Problem details:
Please find the line that holds "De Sanderij 106 Schoorl thumbnail 45" below and reproduce it, along with every line after it through the end, exactly and without pictures.

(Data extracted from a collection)
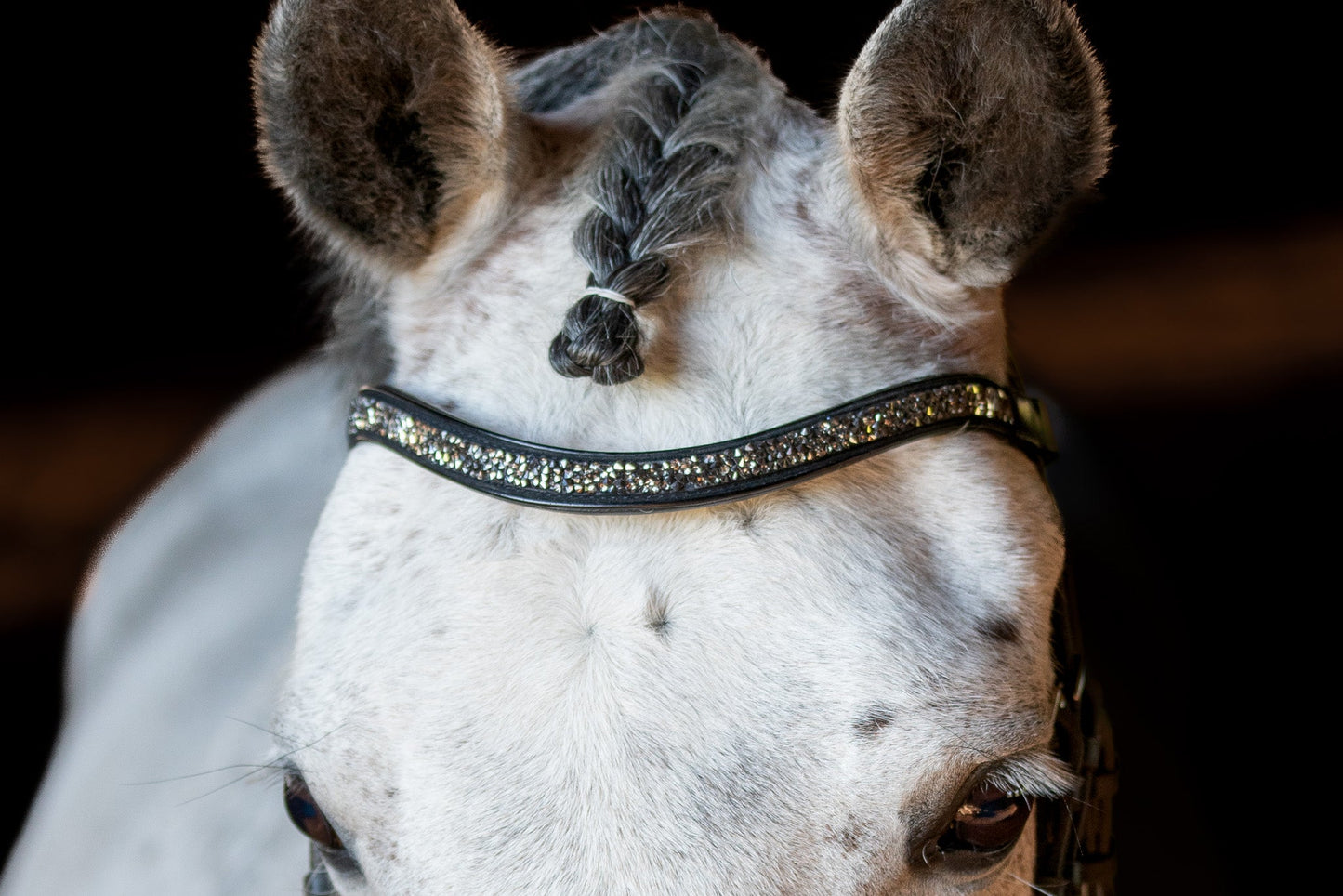 Metallic Bedazzled Browband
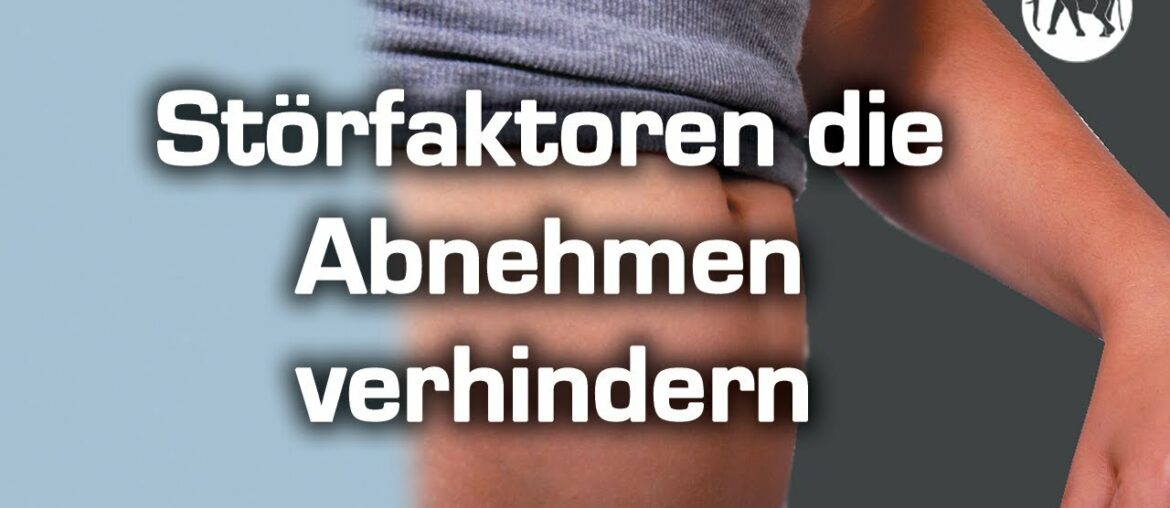 erfolgreich abnehmen| Tipps wie du schnell abnimmst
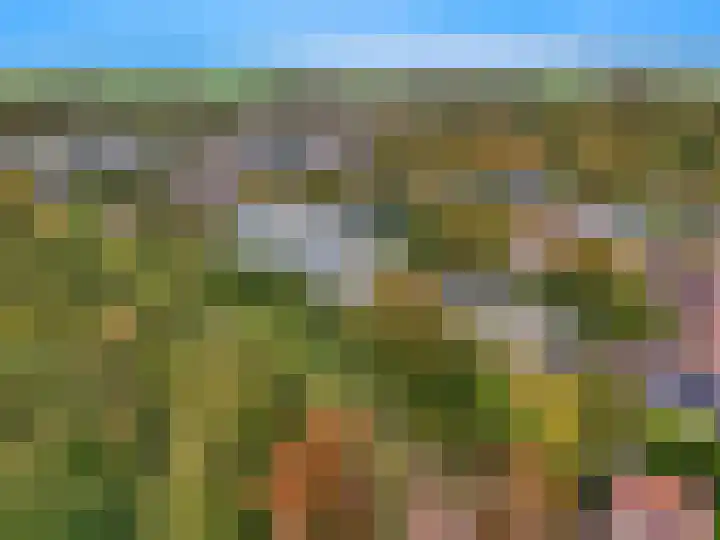 De Sanderij 106 Schoorl thumbnail 45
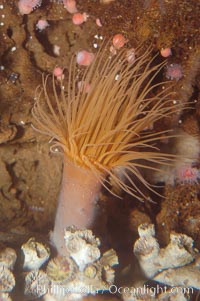 Tube anemone, Pachycerianthus fimbriatus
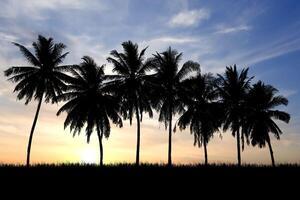 Silhouette of Palm Trees at Sunset with a Vibrant Sky Background, Tropical Landscape, Nature Scene, Tranquil Evening, Serene Atmosphere, Perfect for Travel and Nature-Themed Projects photo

Written response:
 De Sanderij 106 Schoorl thumbnail 45
 Tube anemone, Pachycerianthus fimbriatus
 Silhouette of Palm Trees at Sunset with a Vibrant Sky Background, Tropical Landscape, Nature Scene, Tranquil Evening, Serene Atmosphere, Perfect for Travel and Nature-Themed Projects photo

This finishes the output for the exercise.